Saffire Phases

Phases

Saffire runs in a few different phases, where some of the phases are not yet implemented, some phases are “merged” together, and some phases should be obsoleted in the near future.

Phase 1: Lexing tokens
Phase 2: Parsing tokens to correspond with Saffire grammar
Phase 3: converting AST into ASM
Phase 4: converting ASM into bytecode
Phase 5: execute bytecode through the Saffire Virtual Machine

Phase 1: Lexing

The first phase of getting a Saffire userland application to run is through lexing. This is the process of converting text (a file with saffire code in it) to a long list of known tokens. For instance, if your code consists of simply import foo;, it will emit three tokens: T_IMPORT <identifier> and ;. The lexer knows about keywords (like the string import), but also about brackets, operators etc. It knows about comments (either /* .. */ or //) and strings (with single quotes or double quotes), and it knows that whenever the word "import" is found withing quotes, it is a string instead of the token T_IMPORT. However, it does not know anything about what T_IMPORT does. It does not know that T_IMPORT must be followed by an identifier and ended with a ;. This is the parsers job.

For the tokening, Saffire uses flex. And this code can be found in /src/components/compiler/saffire.l. There is some additional complexity in it, for instance, a / can have different meaning based on context. For instance, it can be used for regular expressions (if foo ~= /fo+/), or it can be seen as a divider operator (a = 10 / 5;). This is where the two different states come from named st_div and st_regex.

There is some additional (C) code present in this file to help with lexing through the Saffire REPL system.

The saffire.l file will be compiled (through the flex application) into a lex.yy.c. This file will be compiled into Saffire and has the functionality that creates the stream of input tokens (lexemes) that the parser in the next phase can work with.

Phase 2: Parsing

Once we have established a stream of tokens, we can actually tell Saffire what they mean, and how they should be ordered. For instance, that an import statement (starting with the T_IMPORT token) must be present before any other code, and that after a “switch” must come a opening parenthesis switch a is wrong, while switch (a) is correct syntax.

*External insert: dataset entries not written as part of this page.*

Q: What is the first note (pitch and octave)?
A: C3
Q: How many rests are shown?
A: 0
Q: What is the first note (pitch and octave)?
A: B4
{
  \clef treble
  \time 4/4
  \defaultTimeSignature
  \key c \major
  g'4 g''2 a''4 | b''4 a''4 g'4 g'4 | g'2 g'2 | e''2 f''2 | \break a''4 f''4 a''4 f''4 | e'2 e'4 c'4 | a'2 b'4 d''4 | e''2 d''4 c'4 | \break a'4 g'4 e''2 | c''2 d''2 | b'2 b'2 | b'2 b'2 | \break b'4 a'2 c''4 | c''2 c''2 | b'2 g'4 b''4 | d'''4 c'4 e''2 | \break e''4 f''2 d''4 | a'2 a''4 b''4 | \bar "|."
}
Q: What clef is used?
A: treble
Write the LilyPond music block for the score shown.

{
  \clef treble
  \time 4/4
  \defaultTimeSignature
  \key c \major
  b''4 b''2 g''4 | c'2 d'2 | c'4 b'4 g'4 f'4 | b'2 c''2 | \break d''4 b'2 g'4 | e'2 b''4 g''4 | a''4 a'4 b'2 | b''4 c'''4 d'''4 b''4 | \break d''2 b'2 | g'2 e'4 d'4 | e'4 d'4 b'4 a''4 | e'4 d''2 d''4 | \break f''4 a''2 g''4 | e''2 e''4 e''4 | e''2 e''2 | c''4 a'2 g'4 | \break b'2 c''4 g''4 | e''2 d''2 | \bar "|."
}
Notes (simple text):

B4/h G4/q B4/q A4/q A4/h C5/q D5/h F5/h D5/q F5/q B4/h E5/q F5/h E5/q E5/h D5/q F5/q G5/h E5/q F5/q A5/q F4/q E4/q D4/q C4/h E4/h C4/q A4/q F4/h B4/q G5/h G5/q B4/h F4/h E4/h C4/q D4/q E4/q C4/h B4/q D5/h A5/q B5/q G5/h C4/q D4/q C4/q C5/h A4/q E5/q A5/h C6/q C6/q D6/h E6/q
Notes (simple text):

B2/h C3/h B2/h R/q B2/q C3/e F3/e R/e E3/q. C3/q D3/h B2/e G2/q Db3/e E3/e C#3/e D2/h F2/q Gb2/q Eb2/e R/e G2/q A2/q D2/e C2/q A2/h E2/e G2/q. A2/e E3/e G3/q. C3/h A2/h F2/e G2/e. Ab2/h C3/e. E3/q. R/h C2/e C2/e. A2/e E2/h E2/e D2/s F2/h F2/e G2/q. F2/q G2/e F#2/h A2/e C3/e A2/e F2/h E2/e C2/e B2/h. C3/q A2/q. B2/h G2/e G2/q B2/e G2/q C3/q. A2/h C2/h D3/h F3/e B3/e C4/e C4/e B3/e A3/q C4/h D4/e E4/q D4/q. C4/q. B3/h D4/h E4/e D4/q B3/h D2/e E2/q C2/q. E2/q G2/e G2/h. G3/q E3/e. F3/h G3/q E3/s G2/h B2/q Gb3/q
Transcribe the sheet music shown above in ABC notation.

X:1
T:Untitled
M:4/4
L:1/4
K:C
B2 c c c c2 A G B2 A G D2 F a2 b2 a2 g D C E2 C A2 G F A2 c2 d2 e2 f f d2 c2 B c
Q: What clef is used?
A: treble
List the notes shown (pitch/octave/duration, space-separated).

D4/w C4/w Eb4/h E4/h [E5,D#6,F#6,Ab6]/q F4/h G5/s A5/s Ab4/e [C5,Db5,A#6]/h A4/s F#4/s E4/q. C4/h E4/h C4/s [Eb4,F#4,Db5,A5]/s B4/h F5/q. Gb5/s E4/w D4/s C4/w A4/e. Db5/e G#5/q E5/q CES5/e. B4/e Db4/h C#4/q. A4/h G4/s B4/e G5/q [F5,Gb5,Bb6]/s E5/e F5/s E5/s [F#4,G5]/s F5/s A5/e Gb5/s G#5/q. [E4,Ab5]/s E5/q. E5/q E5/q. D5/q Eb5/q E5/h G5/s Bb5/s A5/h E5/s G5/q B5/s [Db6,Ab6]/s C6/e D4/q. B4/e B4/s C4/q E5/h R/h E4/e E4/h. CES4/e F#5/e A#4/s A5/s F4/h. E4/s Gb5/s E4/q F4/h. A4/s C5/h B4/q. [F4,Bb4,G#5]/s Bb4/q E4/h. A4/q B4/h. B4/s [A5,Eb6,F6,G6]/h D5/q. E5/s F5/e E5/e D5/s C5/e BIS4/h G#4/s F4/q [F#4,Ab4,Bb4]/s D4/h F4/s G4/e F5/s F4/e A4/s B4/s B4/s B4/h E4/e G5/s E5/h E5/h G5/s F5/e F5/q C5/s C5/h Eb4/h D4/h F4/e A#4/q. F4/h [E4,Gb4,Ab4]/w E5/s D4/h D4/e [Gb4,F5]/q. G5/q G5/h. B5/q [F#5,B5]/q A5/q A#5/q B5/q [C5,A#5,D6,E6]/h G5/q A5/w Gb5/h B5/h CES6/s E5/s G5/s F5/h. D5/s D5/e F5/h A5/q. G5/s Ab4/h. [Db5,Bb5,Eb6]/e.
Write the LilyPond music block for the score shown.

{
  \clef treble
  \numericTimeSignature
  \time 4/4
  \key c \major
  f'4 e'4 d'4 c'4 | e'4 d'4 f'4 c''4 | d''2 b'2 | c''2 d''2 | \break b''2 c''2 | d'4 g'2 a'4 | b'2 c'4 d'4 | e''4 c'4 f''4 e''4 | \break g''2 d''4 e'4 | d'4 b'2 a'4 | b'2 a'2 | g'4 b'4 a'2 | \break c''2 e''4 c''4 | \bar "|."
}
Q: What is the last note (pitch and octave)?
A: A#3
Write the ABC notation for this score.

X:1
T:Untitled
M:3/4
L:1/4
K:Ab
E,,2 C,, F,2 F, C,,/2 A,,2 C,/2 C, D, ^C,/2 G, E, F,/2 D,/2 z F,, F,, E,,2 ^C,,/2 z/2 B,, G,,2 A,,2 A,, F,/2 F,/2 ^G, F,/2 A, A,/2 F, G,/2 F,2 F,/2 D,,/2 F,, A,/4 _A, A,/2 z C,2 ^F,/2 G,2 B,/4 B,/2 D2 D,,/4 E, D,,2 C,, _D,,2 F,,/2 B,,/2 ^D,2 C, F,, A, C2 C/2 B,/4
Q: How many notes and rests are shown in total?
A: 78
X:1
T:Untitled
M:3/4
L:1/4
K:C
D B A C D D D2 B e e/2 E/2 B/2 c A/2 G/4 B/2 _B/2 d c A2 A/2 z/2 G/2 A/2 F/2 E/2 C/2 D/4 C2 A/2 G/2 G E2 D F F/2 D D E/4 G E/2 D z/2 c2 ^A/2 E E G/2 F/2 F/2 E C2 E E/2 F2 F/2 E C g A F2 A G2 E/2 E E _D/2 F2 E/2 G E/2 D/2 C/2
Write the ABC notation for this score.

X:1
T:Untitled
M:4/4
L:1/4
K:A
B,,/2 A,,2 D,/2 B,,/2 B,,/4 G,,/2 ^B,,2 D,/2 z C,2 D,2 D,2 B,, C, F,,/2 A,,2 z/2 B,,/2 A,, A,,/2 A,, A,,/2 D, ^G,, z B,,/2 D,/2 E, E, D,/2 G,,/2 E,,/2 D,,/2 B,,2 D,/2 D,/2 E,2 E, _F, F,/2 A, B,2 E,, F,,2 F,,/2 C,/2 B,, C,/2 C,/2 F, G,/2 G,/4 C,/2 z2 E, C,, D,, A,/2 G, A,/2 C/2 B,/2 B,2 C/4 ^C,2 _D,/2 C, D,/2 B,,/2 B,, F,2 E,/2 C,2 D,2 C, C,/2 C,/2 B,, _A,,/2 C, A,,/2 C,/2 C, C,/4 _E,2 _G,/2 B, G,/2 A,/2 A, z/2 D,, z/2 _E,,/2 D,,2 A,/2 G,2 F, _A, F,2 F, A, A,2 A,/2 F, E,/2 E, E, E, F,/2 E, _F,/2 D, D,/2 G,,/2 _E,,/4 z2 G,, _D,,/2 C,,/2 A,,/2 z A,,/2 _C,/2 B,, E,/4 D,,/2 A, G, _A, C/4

This parsing is done through bison, and is often-used in combination with flex. The parse-rules are defined in src/components/compiler/saffire.y.

The parsing has a few purposes:

It will check if your Saffire code is syntaxily correct (import foo; would be ok, but foo import; not.
It will convert the code into an Abstract Syntax Tree, which makes it easier later on to work with.
It can do some (rudimentary) checks that are sometimes too hard to setup as real bison rules.

For instance, when creating the roles on function visibility, we accept all modifiers (final, public, private, abstract, static etc). But not all combinations make sense or are allowed: final abstract is pretty useless, so is protected public etc. On occasion, the bison rules will call functions like parser_validate_flags() and parser_validate_property_modifiers() that will do these checks. These functions are defined in src/component/compiler/parser_helpers.c.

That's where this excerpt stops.